Lies Your Optimization Guru Told You

April 8, 2015


Before you get out your pitchforks, I want to stress that this article does not represent Peep’s views.


The easiest lies to believe are the ones we want to be true, and nothing speaks to us more than validation of the work we are doing or what we already believe. Due to this we become naturally defensive when someone challenges that world view.


The “truth” is that there is no single state of truth and that all actions, disciplines, and behaviors can and should be evaluated for growth opportunities. It doesn’t matter if we are designers, optimizers, product managers, marketers, executives, or engineers, we all come from our own disciplines and will naturally defend to the death if we feel threatened even in the face of overwhelming evidence.
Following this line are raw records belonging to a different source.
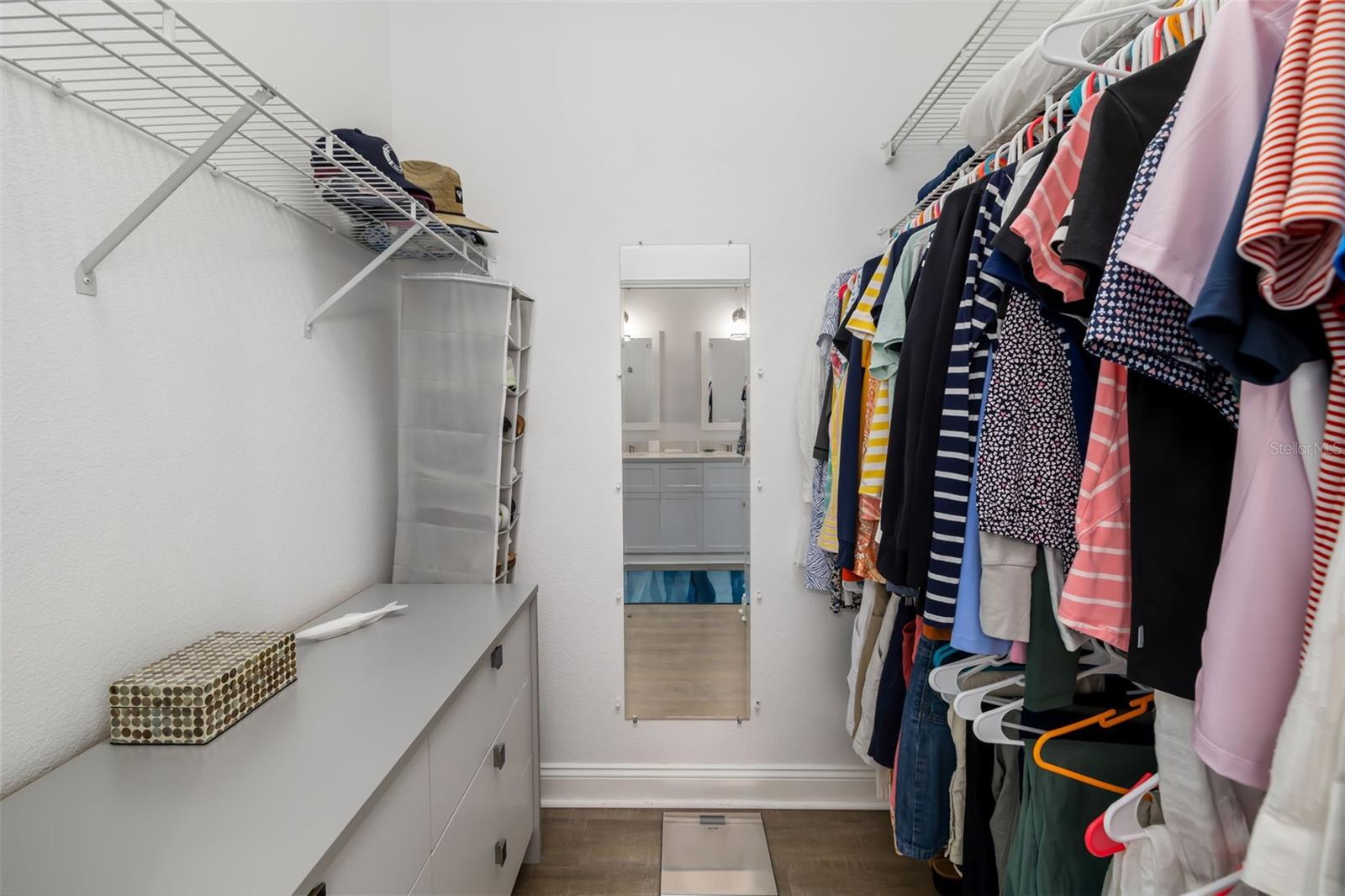 8109 - THE VILLAS 1 OF WATERSIDE VILLAGE - Residential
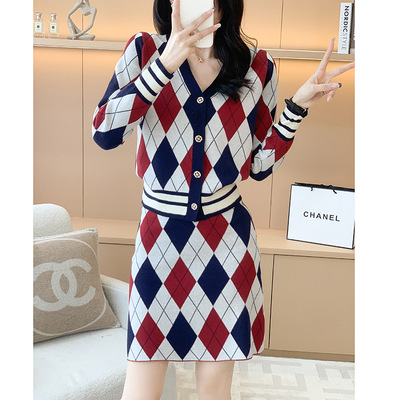 2024秋冬新款小个子两件套套装裙女气质高雅减龄显瘦时尚毛衣裙子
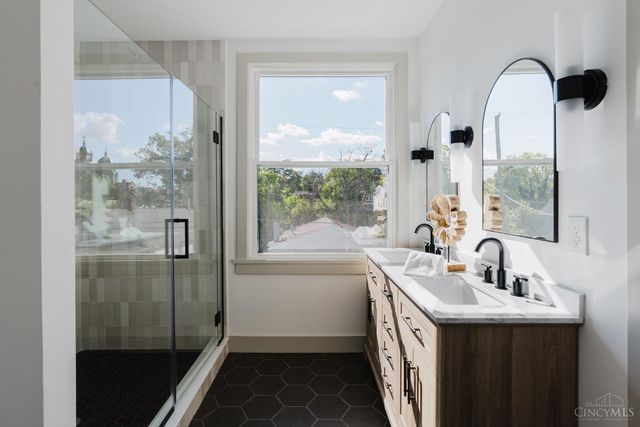 1816 Cleveland Avenue, Norwood, OH 45212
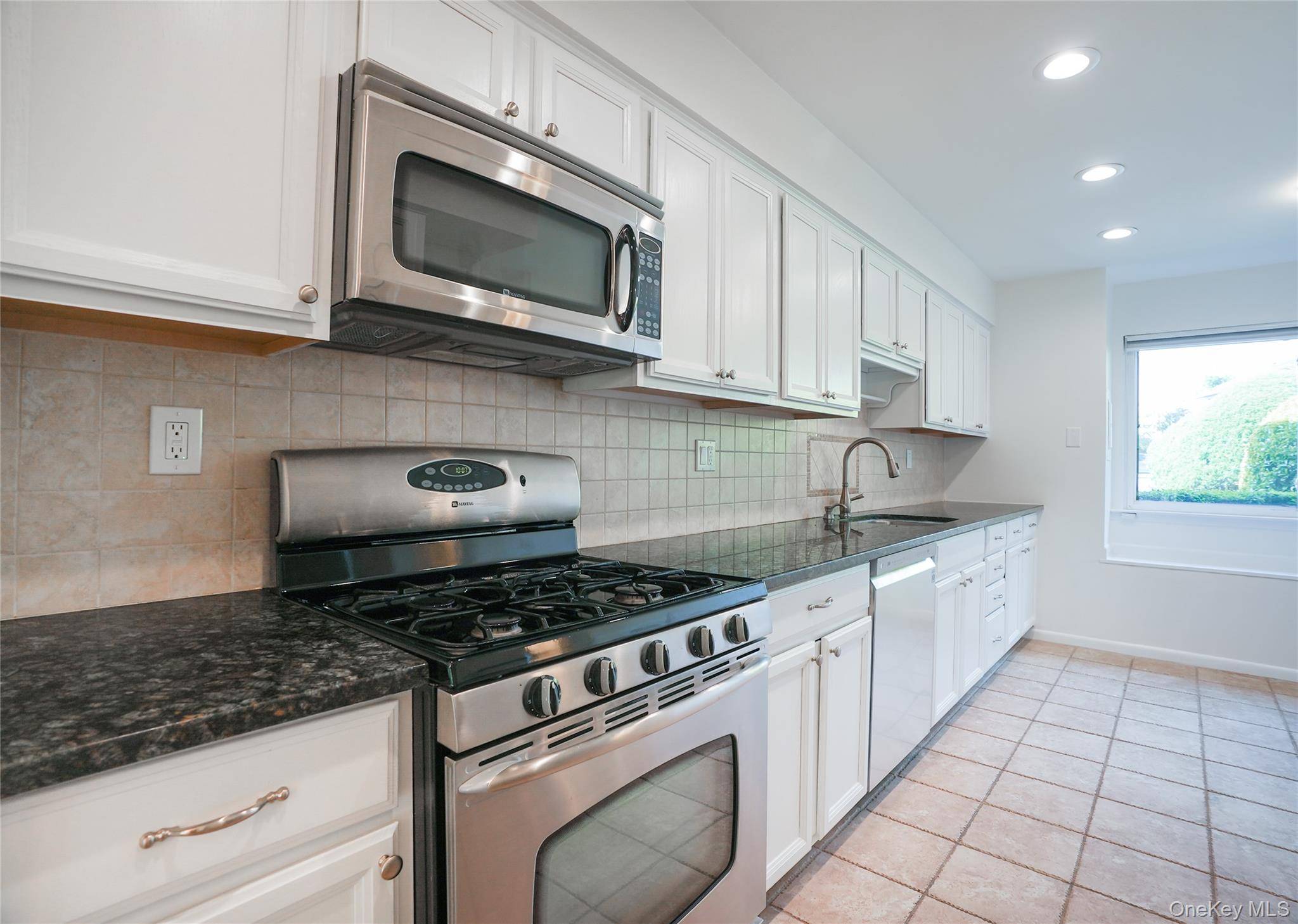 Casa de 2 Dormitorios en Venta en Port Chester - Nueva York - EE. UU. - 4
Is how you are doing things the optional way? What if it’s not?


It is important instead that we challenge many commonly held beliefs and that we face ask if what we have been doing is of actual value or just easy to do? We should instead ask if the results we getting are really good? Or are we just not getting our faults pointed out to us?


These questions are true no matter what discipline we are discussing, be it design or optimization. We can all get better and we all need to become disconnected with the stories we have told ourselves and each other if we really want to improve.


With that in mind I want to tackle some of the most common “half-truths” and flat out lies that permeate the optimization discipline. In truth because I have spent my career trying to fight many of these myths and working to turn around programs that have fallen prey to the most common forms of bad advice, this is where I spend so much of my time this list could be nearly infinite, but I want to point out the absurdity of the most common lies that get used to justify past results and future actions.


The Many Lies of Optimization Gurus

You may now gather your pitchforks and torches…


mob


It is Ok that only X Percent of Your Tests Have a Clear Winner


No, No, No, No, No.


Yes, you can get value from the things that didn’t work, and in fact you often get far more value from the patterns of things that don’t work then those that do work. That statement however is about individual options, not the larger tests themselves.


You should never ever accept a non-winning test as a good thing and you should be doing everything to make sure you are shooting for 100% of your tests to produce a clear actionable valid winner. If you are doing the things that really matter with testing, it is actually hard to have failed tests, as the entire system is designed to maximize outcomes and not just ideas.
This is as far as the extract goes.